#### MATERIAL FOR THE TASK

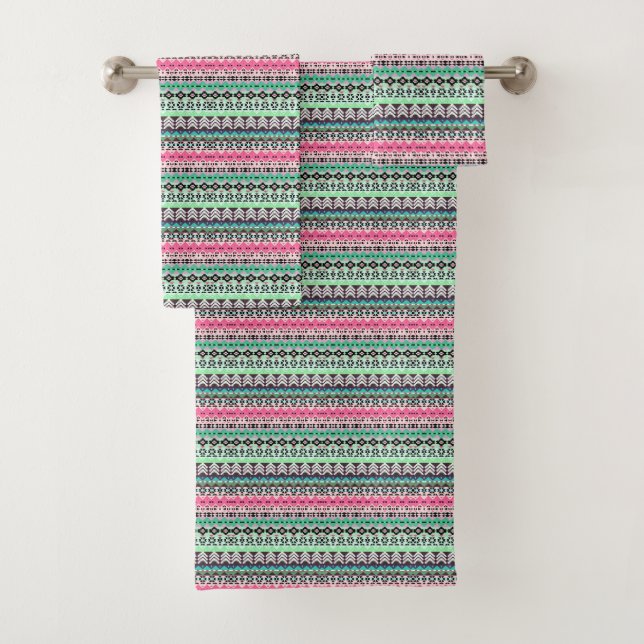 Niedliche, farbige Aztec-Muster Badhandtuch Set (Insitu)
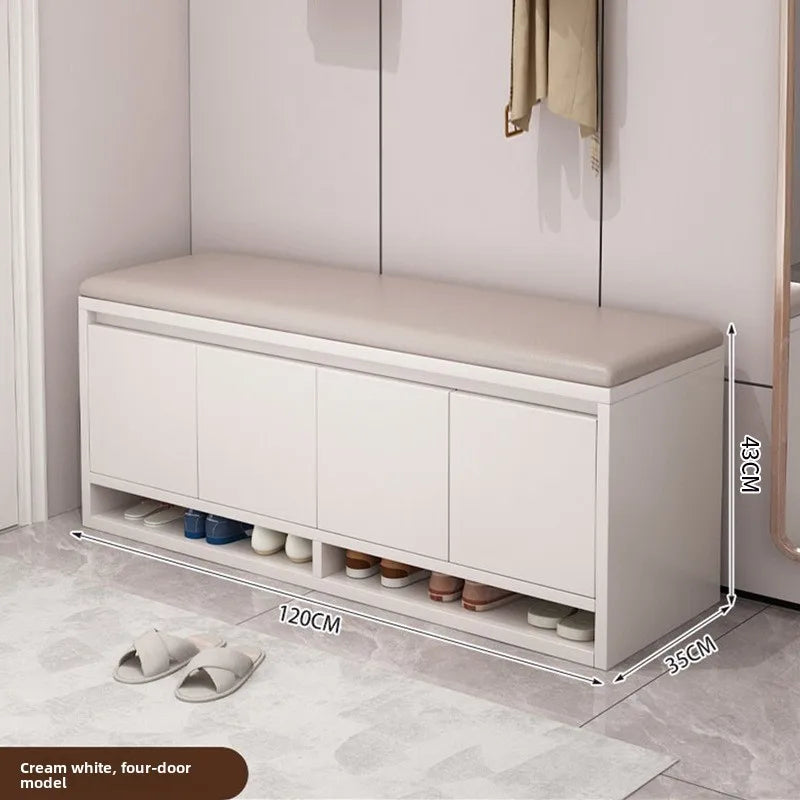 Shoe Storage Bench with Cushion Seat Entryway Shoe Cabinet Organizer Hallway Shoe Rack Bedroom Storage Stool 2/3/4 Door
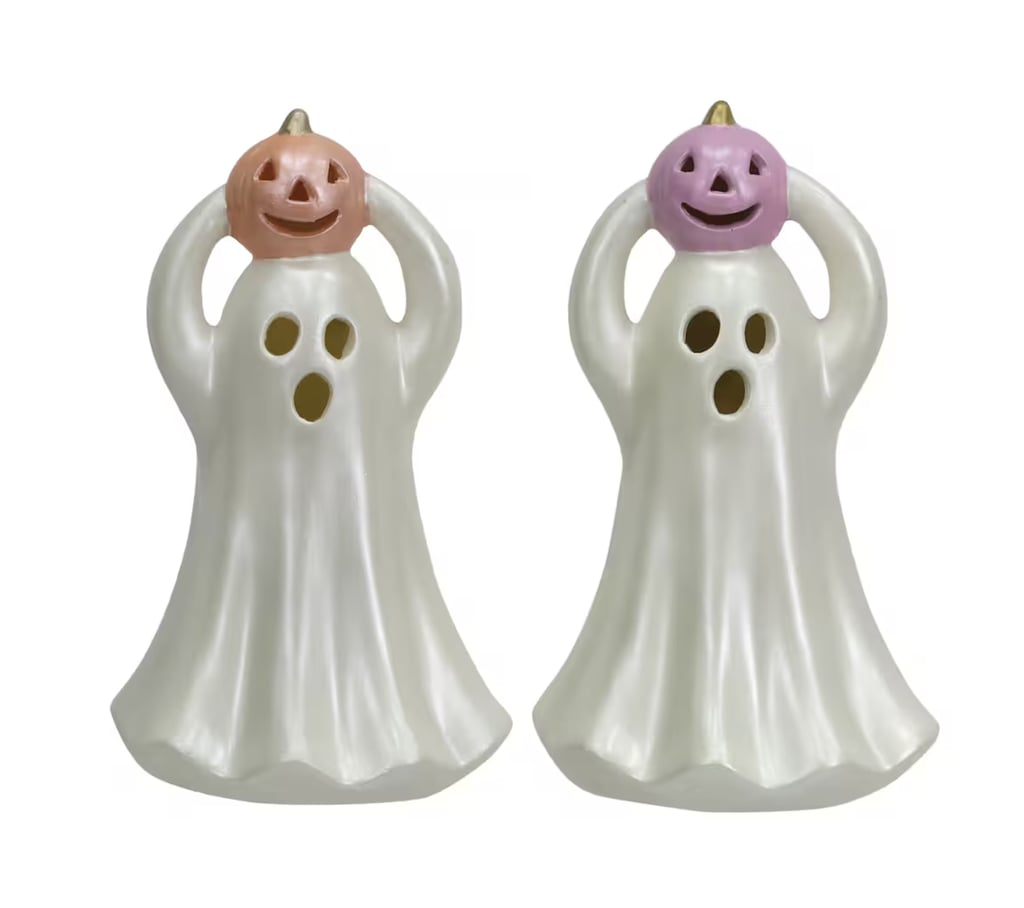 Michaels Halloween Decor: Assorted 8" Ghost Holding Pumpkin Tabletop Décor by Ashland
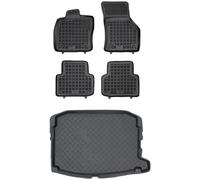 MOTOS Juego de alfombrillas de goma para coche y alfombrilla de PE para maletero adecuado para SEAT Leon IV MK4 2020-2024 Mejora la comodidad de tus viajes con la alfombrilla antideslizante para coche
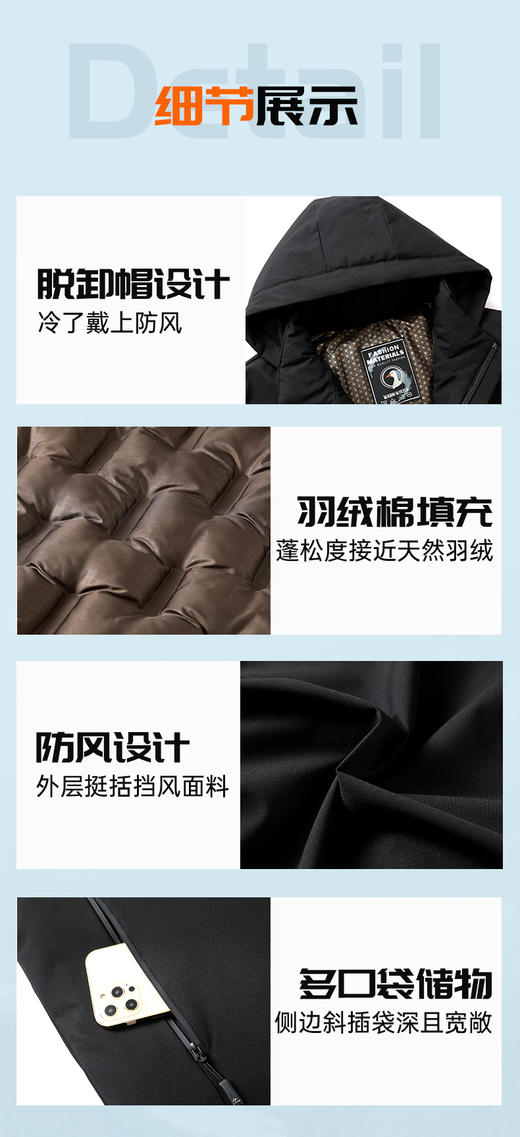 中老年加绒连帽外套 商品图3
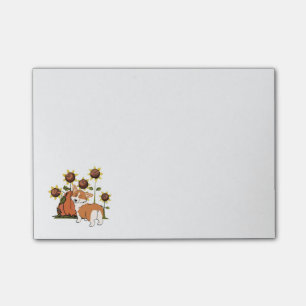Bloco Post-it Corgi de Galês com girassóis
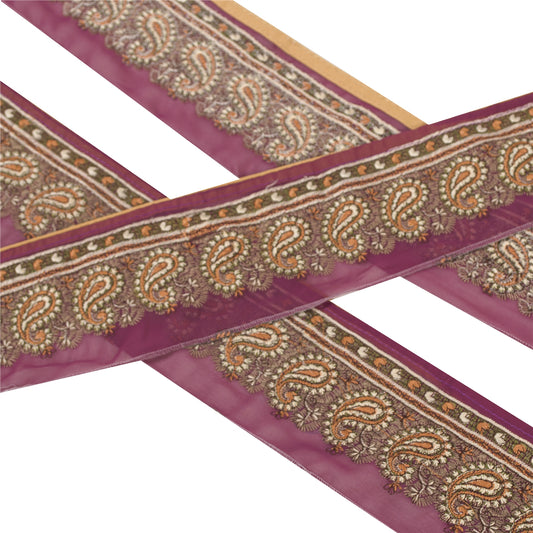 Sanskriti Vintage Border Antique Embroidered 1 YD Trim Sewing Purple Decor Lace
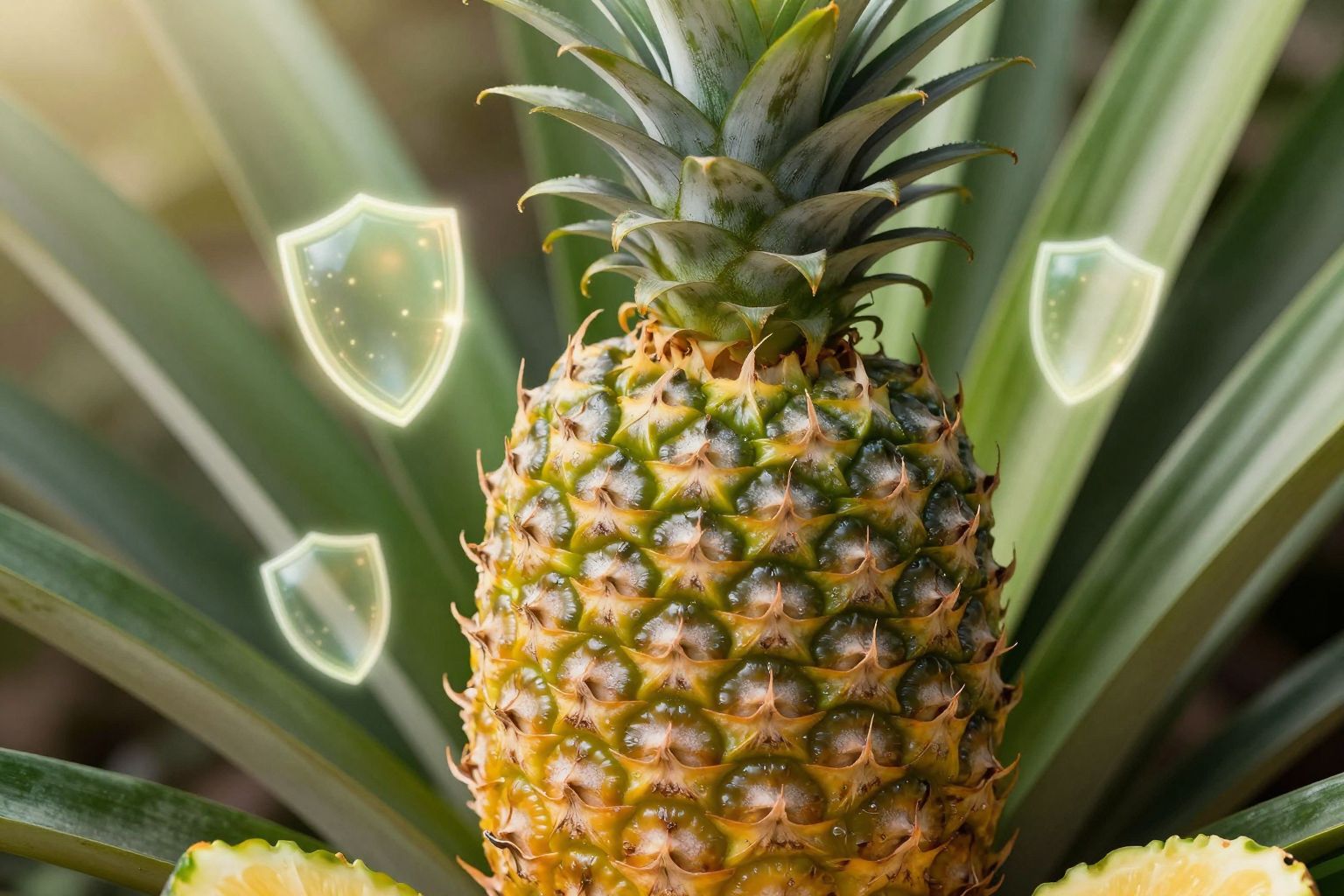 Az ananász bromelainje fokozza az immunrendszer fertőzés elleni védekezését.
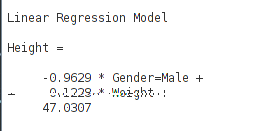 Find height and weight from a data set using simple linear regression in weka
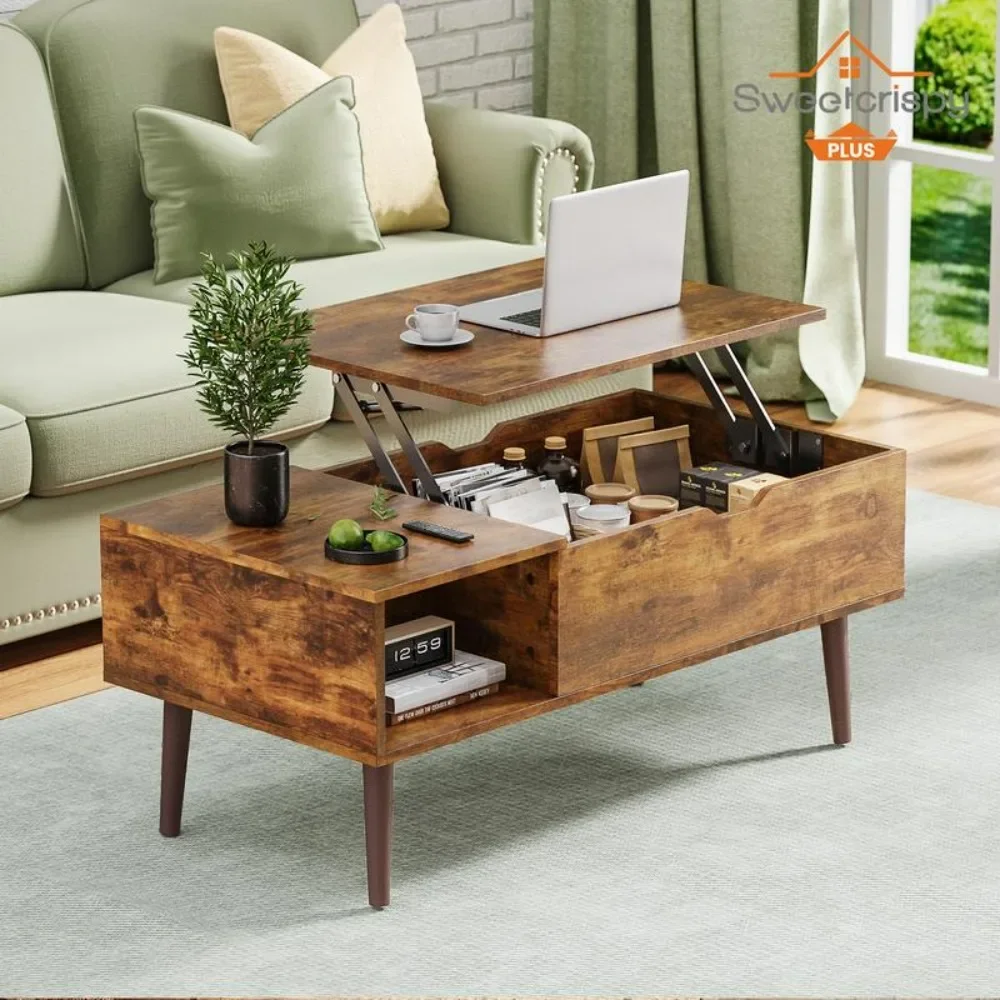 

Lift Top Coffee Tables for Living Room, Rising Tabletop Wood Dining Center Tables with Storage Shelf and Hidden Compartment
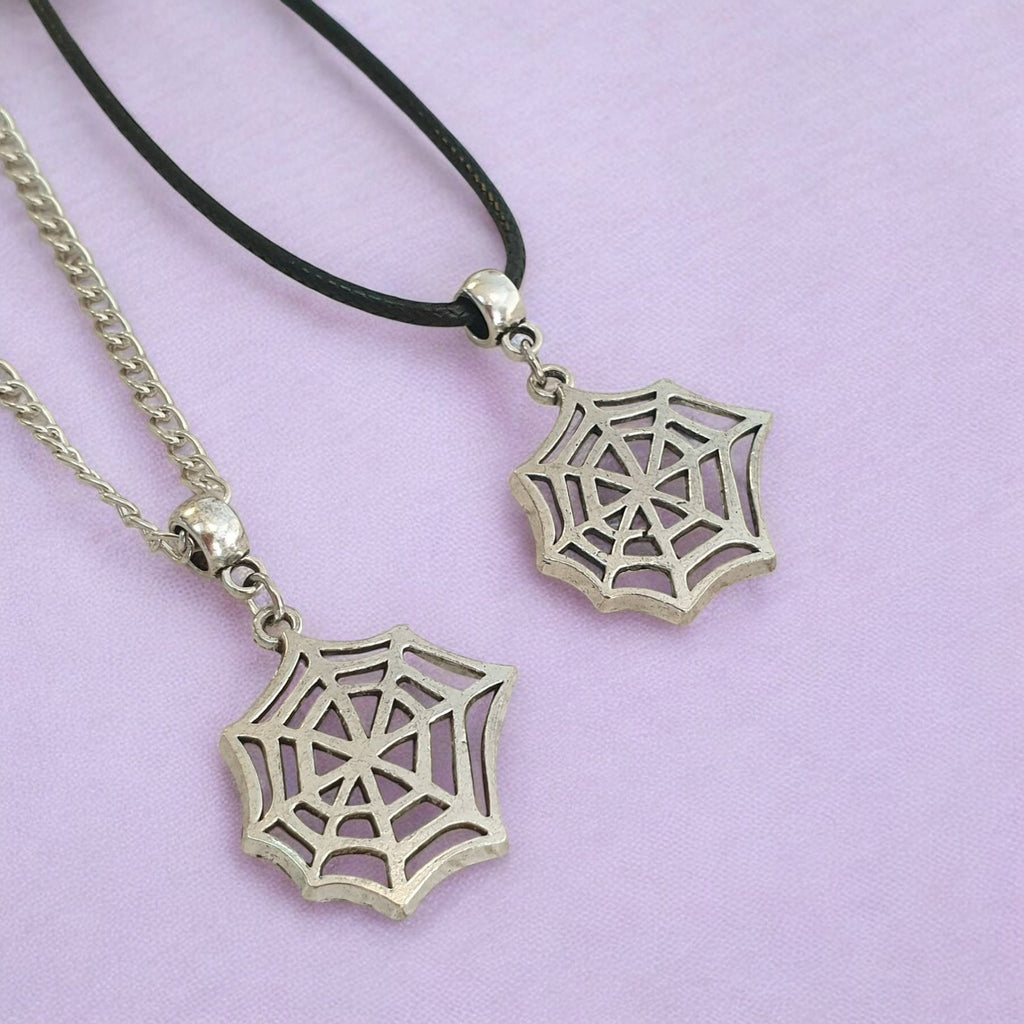 Cobweb Spider Web Charm Necklace Silver Plated Or Waxed Cord Variable Lengths, Gift Packaged, Spooky Halloween Gift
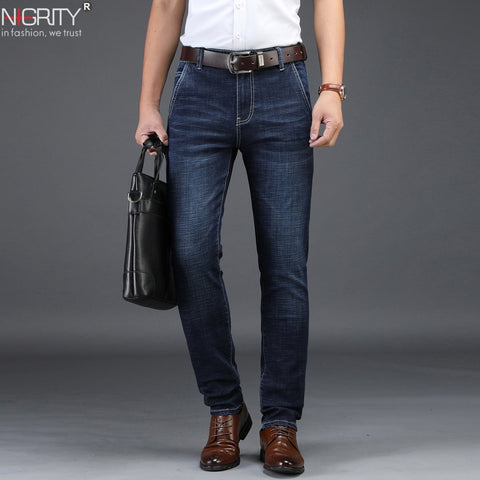 NIGRITY 2019 Men Jeans Business Casual Straight Slim Fit Blue Jeans Stretch Denim Pants Trousers Classic Big Size 29-42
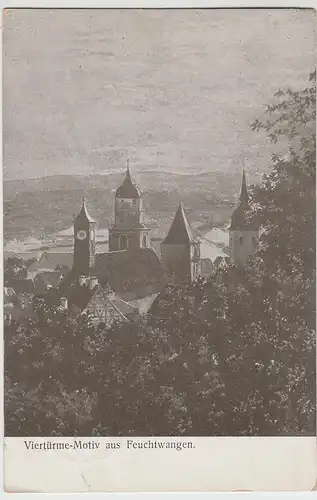 (105924) AK Feuchtwangen, Viertürme Motiv, Feldpost, um 1915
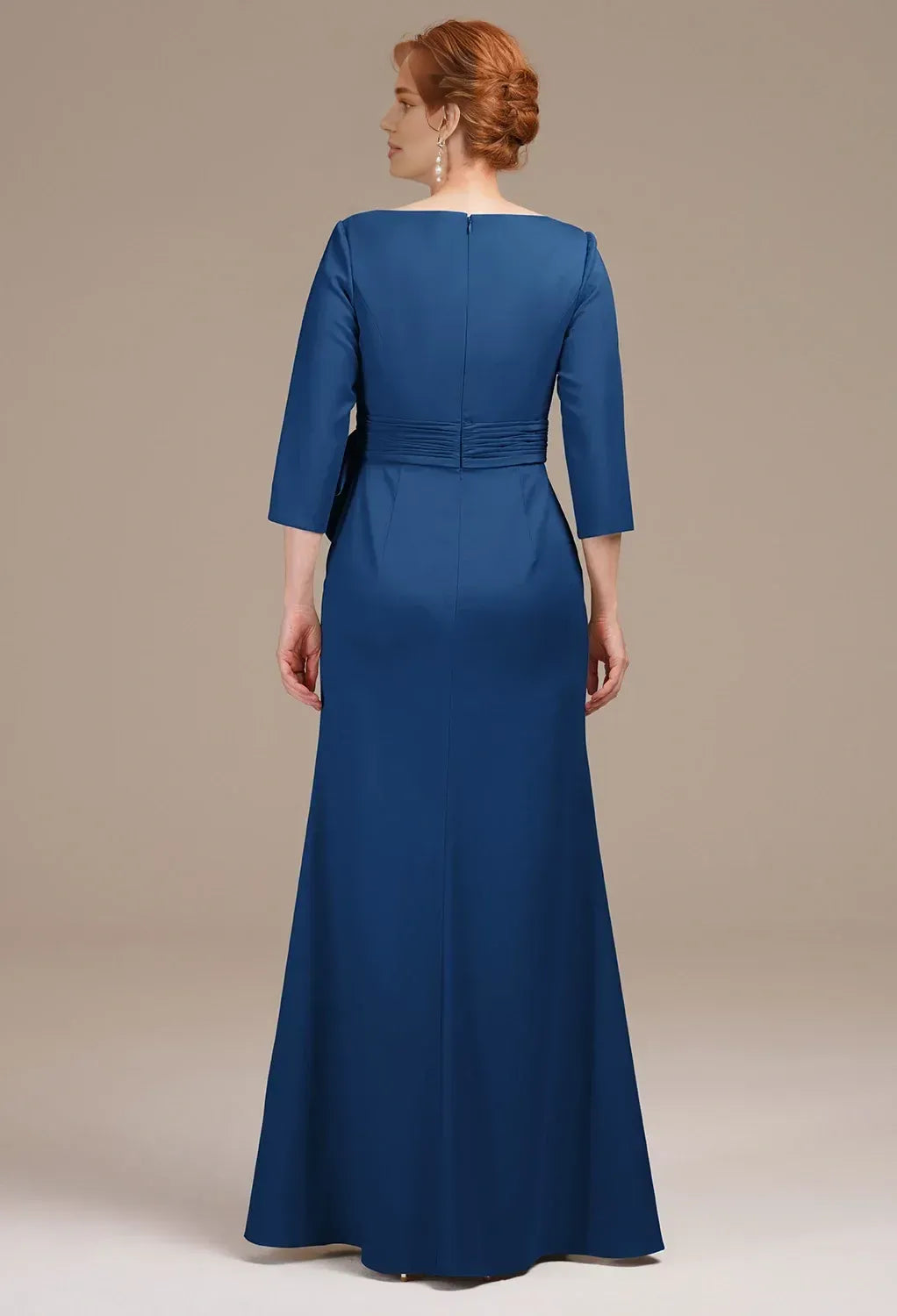 Sophisticated Graceful Stylish Elegant Satin Mermaid Pleated Mother of the Bride Dress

########

Above are the records. Copy word for word only their lines from the one holding "中老年加绒连帽外套 商品图3" through the one holding "Az ananász bromelainje", both included, and skip the images.

 中老年加绒连帽外套 商品图3
Bloco Post-it Corgi de Galês com girassóis
 Sanskriti Vintage Border Antique Embroidered 1 YD Trim Sewing Purple Decor Lace
 Az ananász bromelainje fokozza az immunrendszer fertőzés elleni védekezését.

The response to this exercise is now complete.